Paul Collingwood must be the most underrated batsman in England. For a time he was considered a ODI specialised and had to battle to get into the Test team. It is strange that someone considered a limited over batsman is so dour and defensive in Test cricket. But an batting line up needs balance and can’t be made up of just dashing stroke players. Collingwood knows his job and does it so well. How many times have England needed to hang on for a draw and relied on Collingwood to battle it out for them? There’s few in this England line up who can be relied upon to bat out a day and do the job without having a dash at a loose delivery and getting out, as Cooke did yesterday. Collingwood has shortened his back lift and set out his stall to defend all day and looks like he may be doing it yet again for England. With the likes of Bell and Prior you always feel like they’ll give you a chance at some stage. Collingwood has been faultless. He doesn’t get the credit he deserves but those who do the ugly work seldom do. South Africa don’t make that mistake and value his wicket as high as that of the star players, Pieterson and Strause.

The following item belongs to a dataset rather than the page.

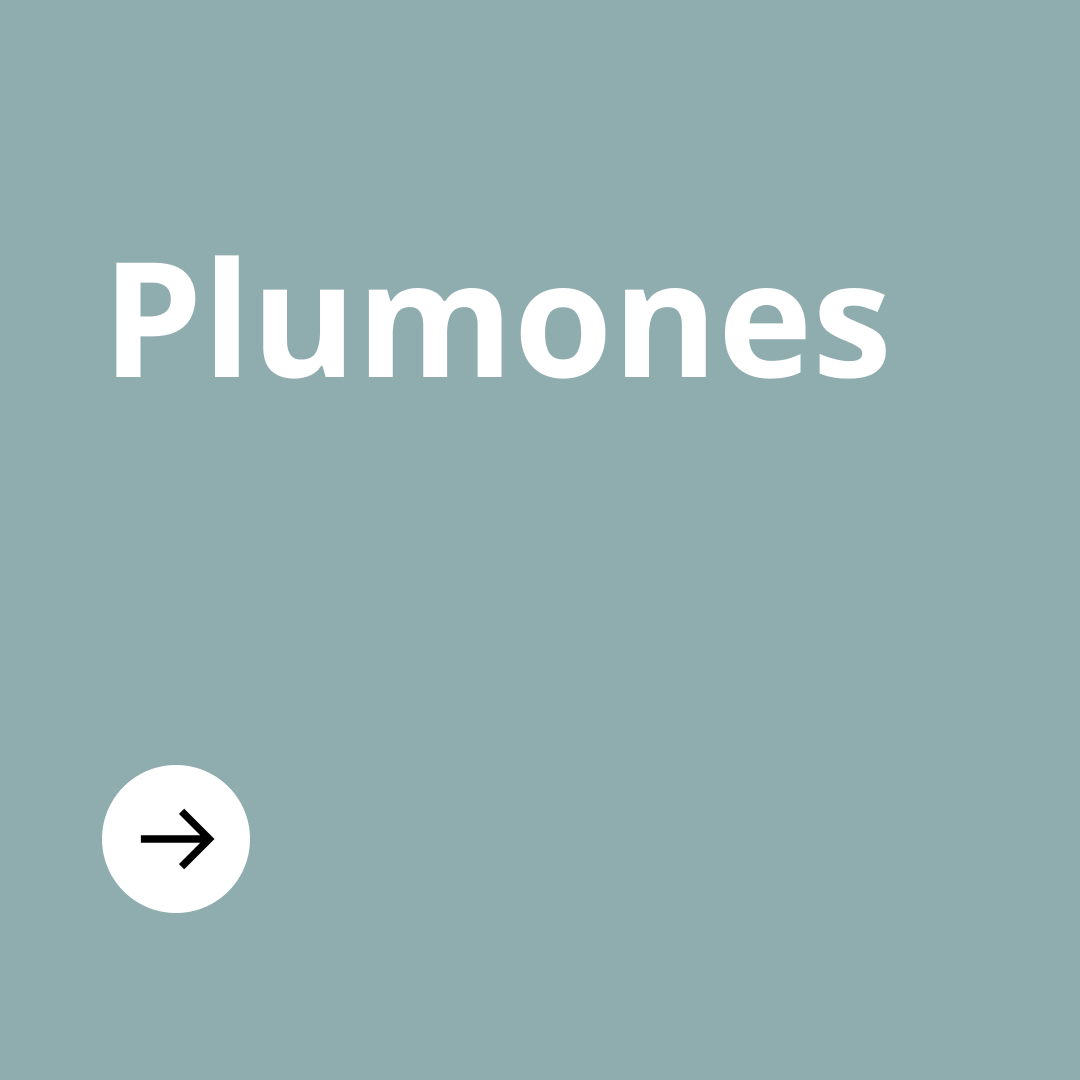 Imagen celeste con texto "plumones" en blanco y en la parte inferior de la imagen un círculo con una flecha negra.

Speaking of KP, something seems off with England’s best player. He’s been very quiet all series. The hatred South Africans feel for KP has diluted since he was last here. KP has matured, he was a brash, young, upstart when his career began and shot his mouth off to much. That doesn’t happen anymore and he is, one feels, a better person than many think. The abuse he gets at the grounds here is more in jest and sport, and he is respected much more here in South Africa. However he has hardly been seen in this series. He’s been posted out on the boundary by Strauss, hardly seems to say anything, and is rarely in much conversation with the England camp during play. He seems to almost be drifting through, as if there is a problem with the other players in the team. That has come through in his batting where he has hardly been the dominating swash buckling batsman South Africans are used to. There is definitely something off with KP here in South Africa. Which is sad for cricket – love him or hate him cricket needs KP.